Handig is dat je verschillende apparaten en meters van SwitchBot aan elkaar kunt koppelen. Zo kun je er bijvoorbeeld bij het bereiken van een ingestelde temperatuur voor zorgen dat de Roller Shade automatisch wordt gesloten of geopend. Dat kan ook bij een bepaalde lichtintensiteit: als je een (apart te verkrijgen) zonnepaneel aan de usb-c-poort op de Roller Shade aansluit, kun je aangeven bij welke intensiteit het gordijn moet sluiten of openen. Met het aansluiten van zo'n zonnepaneel wordt de Roller Shade trouwens ook automatisch opgeladen.

Conclusie

De SwitchBot Roller Shade is een mooie manier om je huis te automatiseren en kan een prima toevoeging zijn als je al delen van je huis hebt geautomatiseerd. In combinatie met bijvoorbeeld een slimme thermostaat, verlichting en koel- of verwarmingsapparaten kun je bij warm weer je huis koel houden, of 's winters juist warmer krijgen. Dankzij het SwitchBot-ecosysteem is het handig dat je het rolgordijnsysteem kunt meenemen in alle routines voor huisautomatiseringen.

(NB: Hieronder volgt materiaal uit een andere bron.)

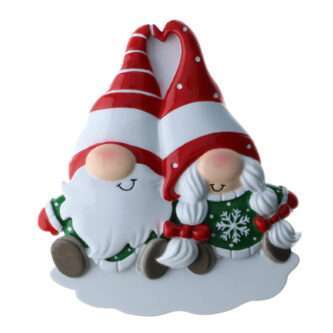 Heart Hats Gnome Couple Ornament Personalized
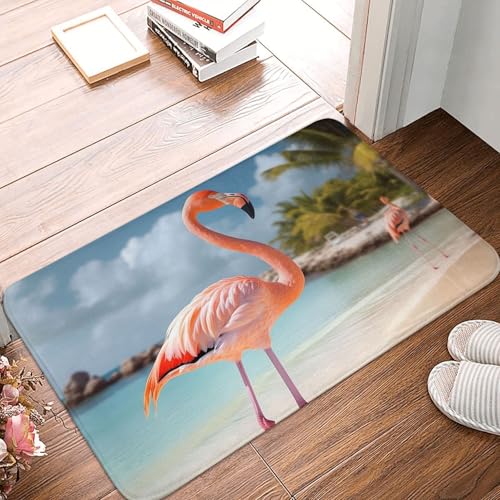 BSCKKDMN Strand-Flamingo-Haustürmatte, für drinnen und draußen, rutschfest, saugfähig, waschbar, Flanell-Badematte, rutschfeste Fußmatten für Küche, Veranda, Büro, 40,6 x 61 cm BSCKKDMN Strand-Flamingo-Haustürmatte, für drinnen und draußen, rutschfest, saugfähig, waschbar, Flanell-Badematte, rutschfeste Fußmatten für Küche, Veranda, Büro, 40,6 x 61 cm von BSCKKDMN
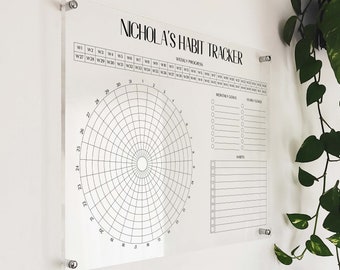 Acryl Habit Tracker - Personalisierter Habit Tracker für die Wand - monatliche Wandtafel - wöchentlicher Gewohnheitsplaner - trocken abwischbare Tafel Acrylkalender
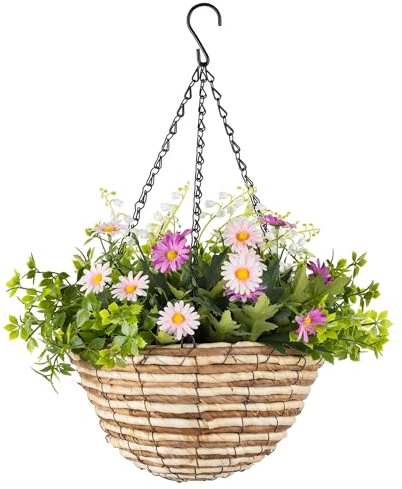 CHRISTOW Artificial Daisy Hanging Basket - Woven Garden Planter Decoration with Pink & Lilac Flowers, UV-Resistant Foliage, Pre-Fitted Triple Steel Chain, 25cm Diameter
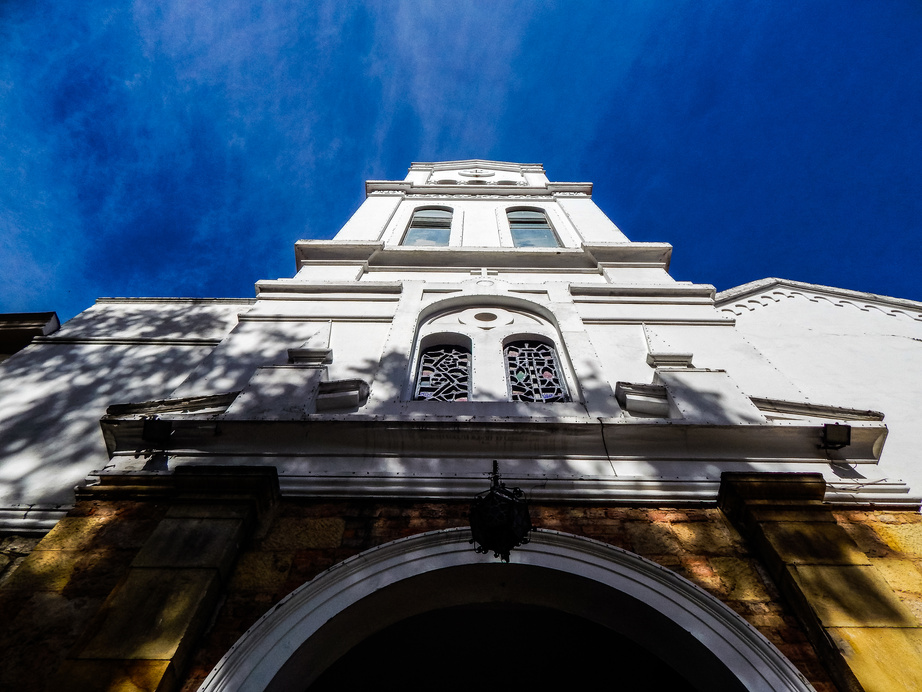 Catholic church seen from below (Parque de Usaquen)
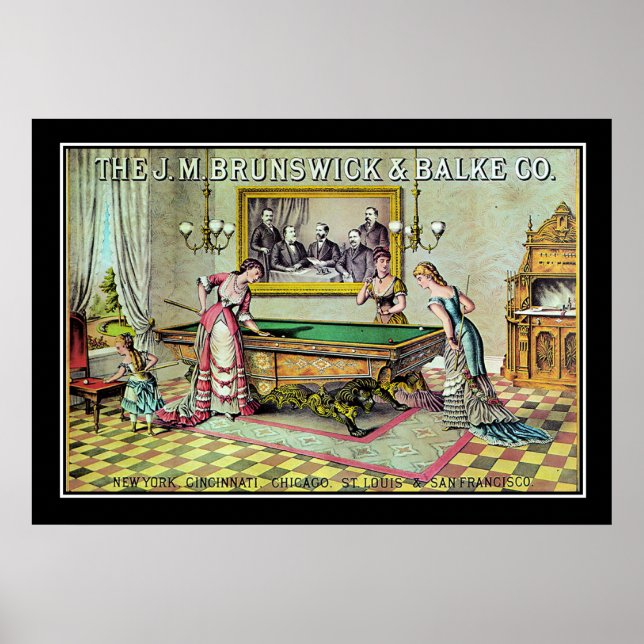 Vintage Billard Spielplakatwerbung Poster (Vorne)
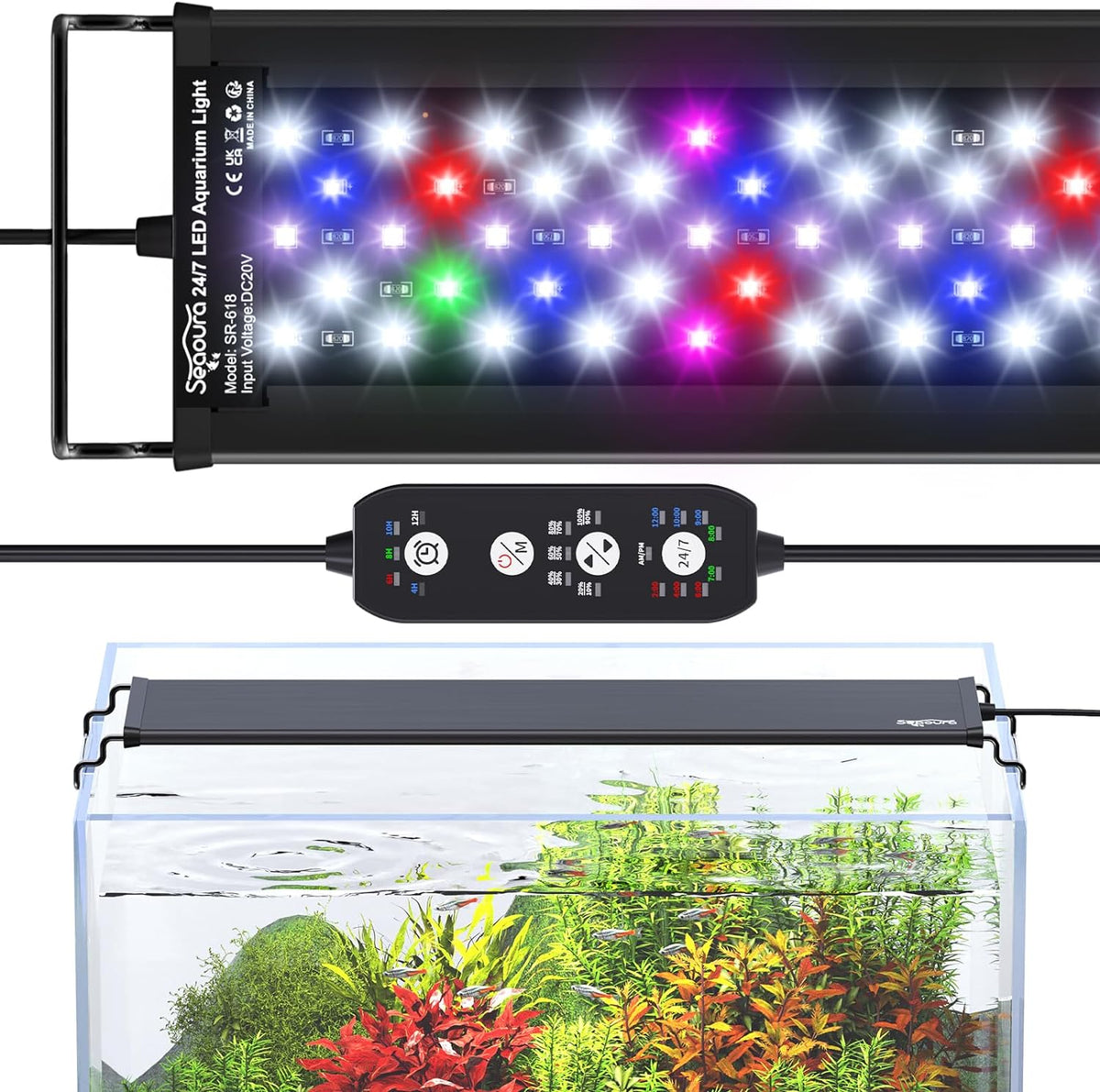 SEAOURA 24/7 Led Aquarium Light for Plants Growth-Full Spectrum - for 18-24 inch tank
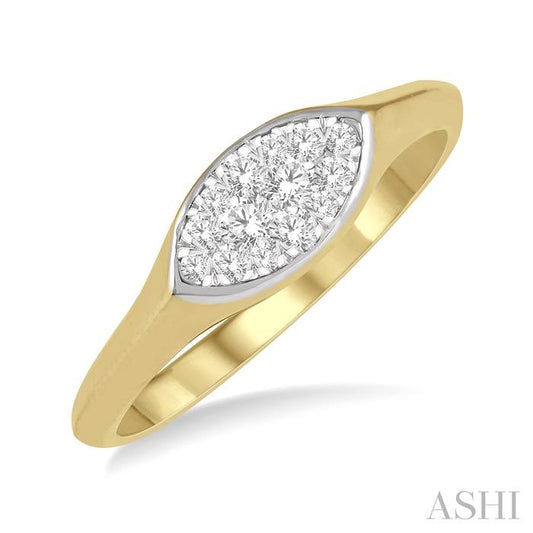 ASHI Marquise Shape Lovebright Essential Diamond Signet Ring 360N7PPFHYW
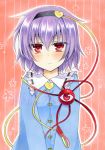  1girl black_hairband blue_shirt blush eyebrows_visible_through_hair fujiwara_minaho hair_between_eyes hair_ornament hairband heart heart_hair_ornament komeiji_satori long_sleeves looking_at_viewer marker_(medium) purple_hair red_eyes shirt short_hair solo striped striped_background touhou traditional_media upper_body watermark 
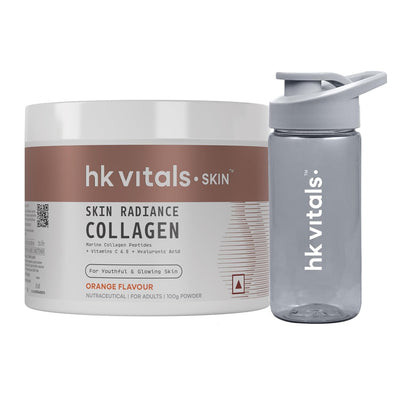 HK Vitals Marine Collagen Supplement (Orange, 100G) & Sipper Bottle (Grey, 300Ml) | Combo Pack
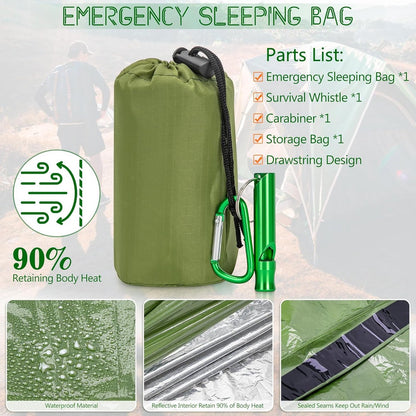 Emergency Sleeping Bag - 2 Pieces - Emergency Blanket - Waterproof Survival Blanket - 210*90cm - PE - Rescue Blanket - Insulation Blanket - Survival Sleeping Bag - Emergency Sleeping Bag - Emergency Tent - Emergency Tent - Outdoors/Walking/Camping/Hiking  - Image 3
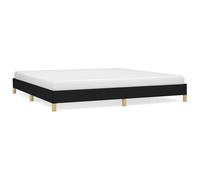 Cama con Cabecero de Tela Negra 200x200 cm, Estructura de Contrachapado y Madera, Lamas Incluidas, Diseño Moderno y Transpirable para Adultos - Ideal para Dormitorios Pequeños y Grandes
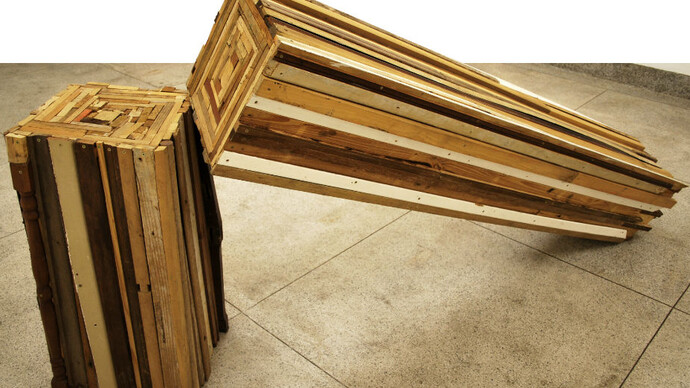 Jaime Prades, “Árvore Quadrada”, 2009, 128 x 280 x 50 cm, São Paulo's buckets of screwed. Courtesy of Galeria Mezanino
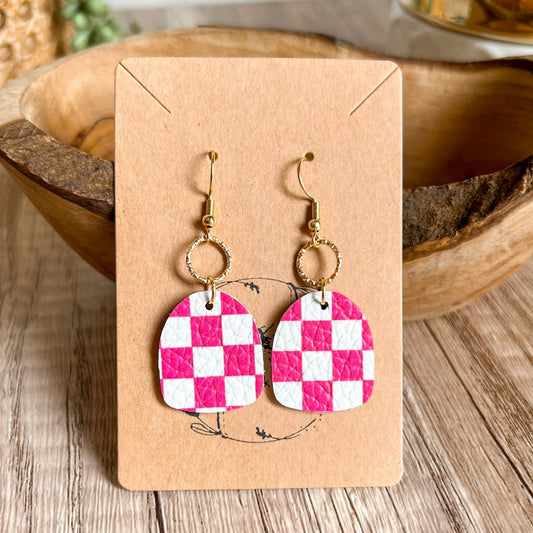 Hot Pink Checkerboard Earrings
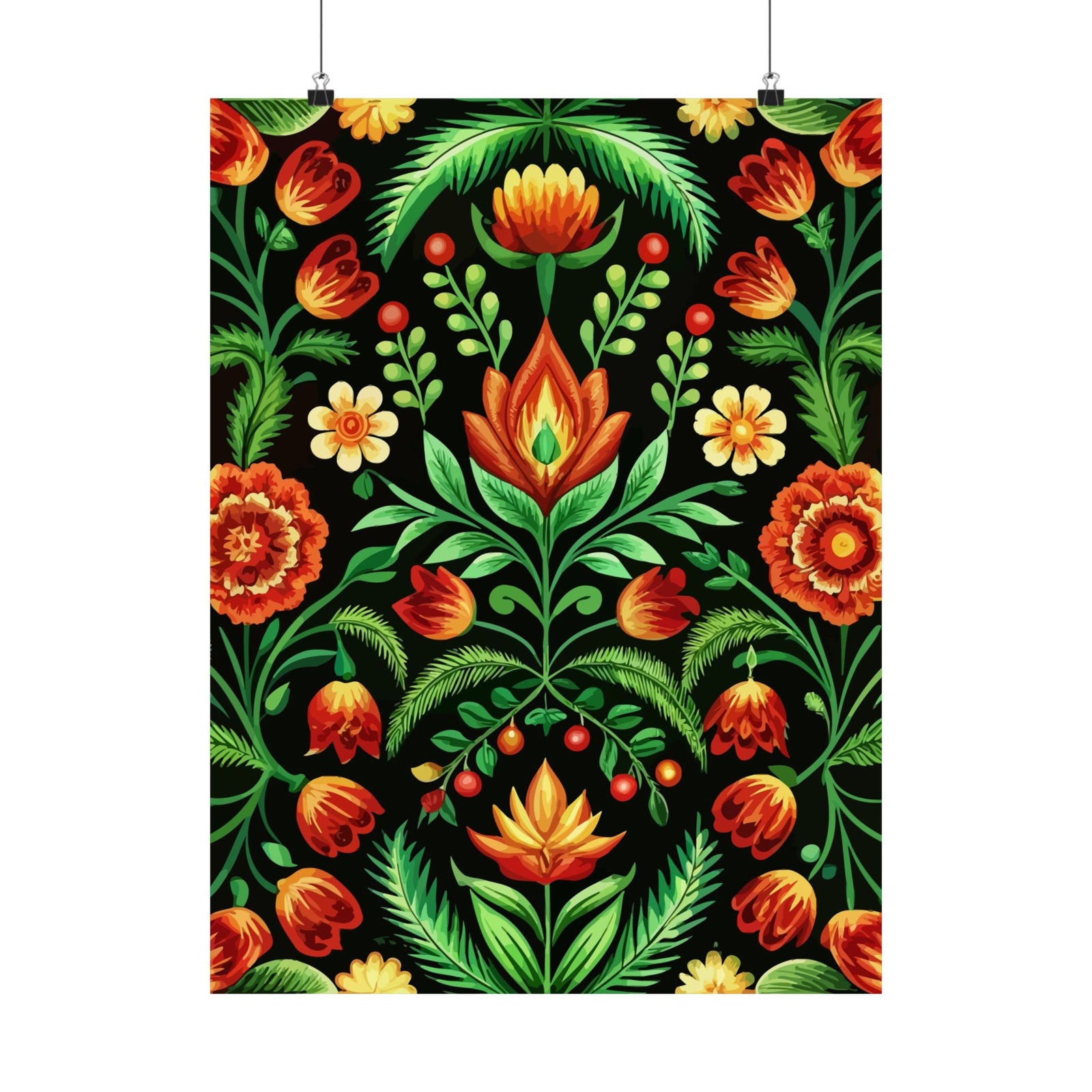 Folk Floral Pattern, Hungarian Inspired 02 - 18 in x 24 in Matte Poster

De Roller Shade is 100 procent verduisterend. Dat kan prettig zijn, maar dat werkt alleen goed als je het rolgordijnsysteem ook echt goed passend krijgt. Helaas lukt dat niet altijd, omdat het rolgordijn zelf niet de volledige breedte van het montagesysteem heeft. Daarnaast luistert de installatie vrij nauw, dus alles goed van tevoren opmeten is essentieel.